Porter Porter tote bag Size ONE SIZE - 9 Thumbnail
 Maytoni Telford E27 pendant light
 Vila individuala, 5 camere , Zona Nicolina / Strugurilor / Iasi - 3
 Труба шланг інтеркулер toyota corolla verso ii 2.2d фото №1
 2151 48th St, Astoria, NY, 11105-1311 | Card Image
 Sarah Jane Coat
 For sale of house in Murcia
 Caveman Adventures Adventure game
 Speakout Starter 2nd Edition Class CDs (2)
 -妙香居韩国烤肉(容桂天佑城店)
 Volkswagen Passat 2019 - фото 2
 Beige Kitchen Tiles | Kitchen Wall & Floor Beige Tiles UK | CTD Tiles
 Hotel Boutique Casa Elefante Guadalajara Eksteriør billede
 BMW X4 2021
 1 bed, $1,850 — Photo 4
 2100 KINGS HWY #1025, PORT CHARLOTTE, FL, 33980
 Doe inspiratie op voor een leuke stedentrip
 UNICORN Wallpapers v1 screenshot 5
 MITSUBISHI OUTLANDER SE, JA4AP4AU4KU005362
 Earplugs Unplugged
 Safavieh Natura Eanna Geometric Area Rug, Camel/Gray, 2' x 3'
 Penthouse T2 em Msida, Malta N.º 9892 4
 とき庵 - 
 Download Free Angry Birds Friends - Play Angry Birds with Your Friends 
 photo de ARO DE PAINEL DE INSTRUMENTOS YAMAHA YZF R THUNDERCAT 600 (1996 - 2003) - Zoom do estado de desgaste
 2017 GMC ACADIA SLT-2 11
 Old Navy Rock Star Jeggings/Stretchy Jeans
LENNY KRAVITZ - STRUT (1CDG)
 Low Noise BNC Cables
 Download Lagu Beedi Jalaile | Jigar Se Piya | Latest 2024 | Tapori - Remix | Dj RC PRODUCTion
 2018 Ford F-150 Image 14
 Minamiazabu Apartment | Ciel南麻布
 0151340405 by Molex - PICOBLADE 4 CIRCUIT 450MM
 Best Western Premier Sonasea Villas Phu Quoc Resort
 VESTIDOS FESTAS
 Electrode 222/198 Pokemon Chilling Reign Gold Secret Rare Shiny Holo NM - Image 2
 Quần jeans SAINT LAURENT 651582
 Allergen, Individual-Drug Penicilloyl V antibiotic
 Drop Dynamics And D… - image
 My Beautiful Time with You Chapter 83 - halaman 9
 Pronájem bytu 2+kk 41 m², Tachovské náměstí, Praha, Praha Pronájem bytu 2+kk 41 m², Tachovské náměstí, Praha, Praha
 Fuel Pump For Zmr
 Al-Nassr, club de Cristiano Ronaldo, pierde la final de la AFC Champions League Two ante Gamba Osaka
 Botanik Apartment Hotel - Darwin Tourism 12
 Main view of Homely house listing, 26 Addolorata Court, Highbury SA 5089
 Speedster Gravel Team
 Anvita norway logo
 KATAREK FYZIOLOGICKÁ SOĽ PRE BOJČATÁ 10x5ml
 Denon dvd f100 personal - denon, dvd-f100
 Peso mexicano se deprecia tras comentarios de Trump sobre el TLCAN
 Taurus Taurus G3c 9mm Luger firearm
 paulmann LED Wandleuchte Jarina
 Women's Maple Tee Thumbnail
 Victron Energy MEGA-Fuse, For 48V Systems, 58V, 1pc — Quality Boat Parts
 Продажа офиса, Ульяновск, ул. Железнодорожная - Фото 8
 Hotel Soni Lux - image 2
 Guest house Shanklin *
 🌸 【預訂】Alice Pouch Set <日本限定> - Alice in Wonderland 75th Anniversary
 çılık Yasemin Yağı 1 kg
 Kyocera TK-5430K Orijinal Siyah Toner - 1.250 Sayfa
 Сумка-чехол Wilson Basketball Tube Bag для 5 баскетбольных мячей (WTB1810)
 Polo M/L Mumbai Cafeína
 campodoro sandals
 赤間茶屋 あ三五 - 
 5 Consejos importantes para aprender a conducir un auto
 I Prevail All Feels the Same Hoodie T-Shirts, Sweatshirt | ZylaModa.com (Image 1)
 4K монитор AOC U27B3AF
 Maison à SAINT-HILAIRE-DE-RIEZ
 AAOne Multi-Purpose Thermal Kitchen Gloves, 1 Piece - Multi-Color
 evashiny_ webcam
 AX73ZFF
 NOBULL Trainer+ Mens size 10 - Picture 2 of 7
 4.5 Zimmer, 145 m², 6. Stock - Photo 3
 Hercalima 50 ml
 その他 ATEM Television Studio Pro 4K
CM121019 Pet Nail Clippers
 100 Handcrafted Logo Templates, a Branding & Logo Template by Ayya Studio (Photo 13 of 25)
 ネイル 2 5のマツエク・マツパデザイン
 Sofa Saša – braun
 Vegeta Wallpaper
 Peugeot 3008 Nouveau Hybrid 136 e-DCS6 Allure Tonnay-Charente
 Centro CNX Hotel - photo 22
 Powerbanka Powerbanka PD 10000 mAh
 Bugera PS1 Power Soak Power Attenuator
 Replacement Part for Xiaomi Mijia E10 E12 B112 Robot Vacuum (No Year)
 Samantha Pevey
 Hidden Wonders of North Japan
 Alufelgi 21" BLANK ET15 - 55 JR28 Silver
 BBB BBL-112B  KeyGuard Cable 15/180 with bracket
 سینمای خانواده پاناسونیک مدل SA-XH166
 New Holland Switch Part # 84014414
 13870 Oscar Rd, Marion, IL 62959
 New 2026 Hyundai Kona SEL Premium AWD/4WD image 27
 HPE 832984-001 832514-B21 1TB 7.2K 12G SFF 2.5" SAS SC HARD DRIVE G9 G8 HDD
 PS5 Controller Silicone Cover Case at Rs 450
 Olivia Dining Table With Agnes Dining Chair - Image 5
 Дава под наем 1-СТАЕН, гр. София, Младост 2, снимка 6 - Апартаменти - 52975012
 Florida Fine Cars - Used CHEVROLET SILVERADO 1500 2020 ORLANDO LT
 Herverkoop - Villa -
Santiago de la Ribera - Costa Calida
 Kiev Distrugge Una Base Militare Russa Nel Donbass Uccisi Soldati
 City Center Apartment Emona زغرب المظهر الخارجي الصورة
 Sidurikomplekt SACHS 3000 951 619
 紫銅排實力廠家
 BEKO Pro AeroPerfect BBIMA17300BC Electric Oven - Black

+-------+

_Task to carry out_
Look over the listing. Pull out every line with the string "Studio" in it.

_Your solution_
 その他 ATEM Television Studio Pro 4K
 100 Handcrafted Logo Templates, a Branding & Logo Template by Ayya Studio (Photo 13 of 25)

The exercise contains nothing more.